Le débiteur cédé est devenu créancier du cédant à hauteur de 30.000 euros en raison de
malfaçons sur la troisième tranche de travaux. Le débiteur, se prévalant donc d’une compensation,
n’a accepté de payer le cessionnaire qu’à hauteur de 20.000 euros pour la créance cédée
correspondant à la dernière tranche de travaux.

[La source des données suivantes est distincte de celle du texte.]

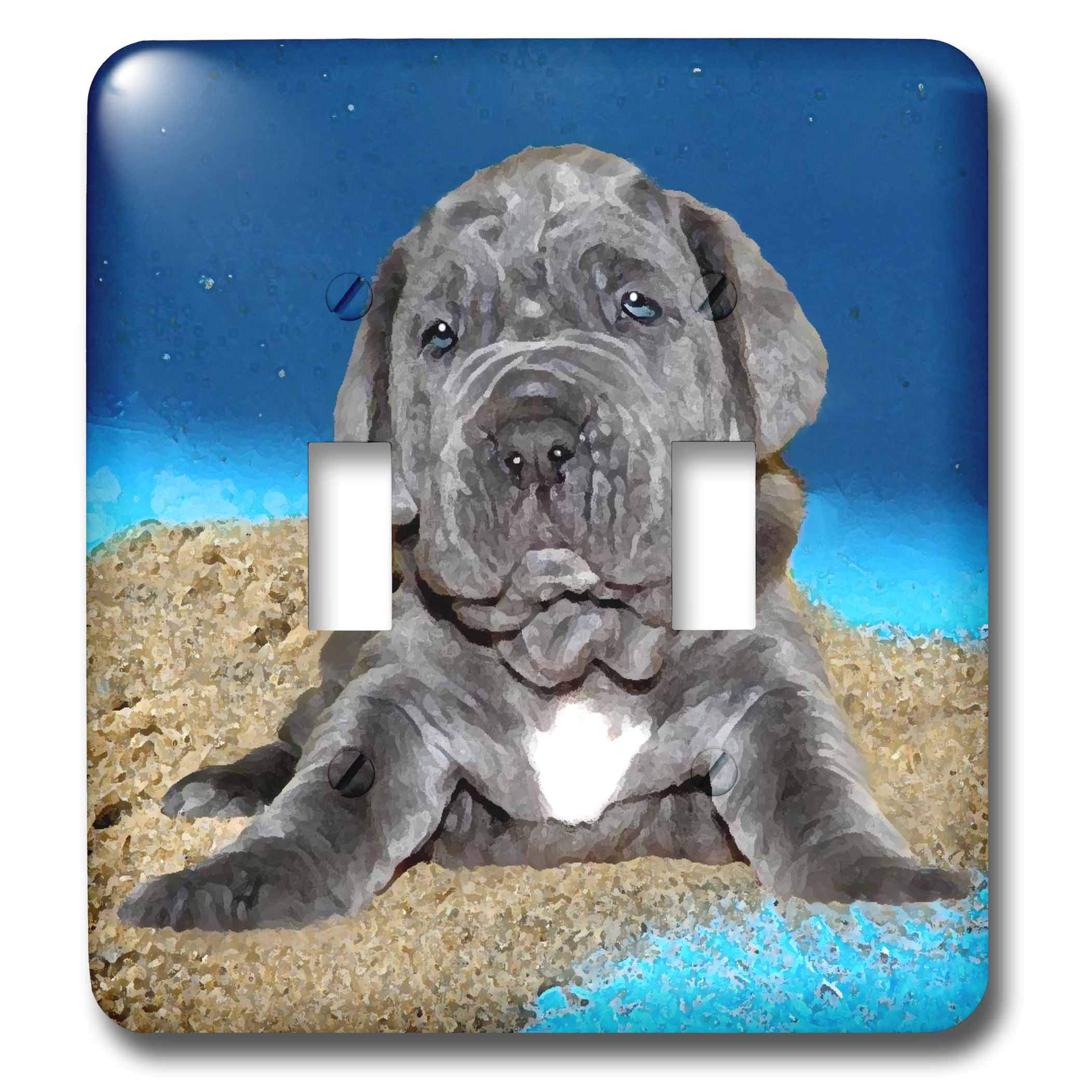 Chiot napolitain Mastiff double interrupteur bascule décoration murale multicolore 3dRose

1° Le recours contre le débiteur cédé

Le débiteur cédé peut-il opposer au cessionnaire l’exception de compensation née dans ses
rapports avec le cédant ?

Pour répondre à cette question, il convient de distinguer la compensation légale, susceptible


d’être opposée si les conditions en sont réunies avant la notification, de la compensation pour
créances connexes, susceptible d’être opposée par le débiteur cédé quand bien même ses conditions
seraient remplies après la notification.

a) La compensation légale

À défaut d’acceptation, la cession Dailly n’opère pas purge des exceptions (C. mon. et fin.,
art. L. 323-29). La jurisprudence retient ainsi que le débiteur cédé peut invoquer l’inexécution du
contrat par son créancier d’origine : « le débiteur cédé qui n’a pas accepté la cession de créance
peut opposer à l’établissement de crédit cessionnaire les exceptions fondées sur ses rapports
personnels avec le cédant » (Com., 30 juin 1992).
L’exception de compensation pose cependant difficulté. La compensation est définie à l’article
1347 du Code civil comme « l'extinction simultanée d'obligations réciproques entre deux
personnes. Elle s'opère, sous réserve d'être invoquée, à due concurrence, à la date où ses conditions
se trouvent réunies ». L’article 1347-1 précise que « la compensation n'a lieu qu'entre deux
obligations fongibles, certaines, liquides et exigibles ».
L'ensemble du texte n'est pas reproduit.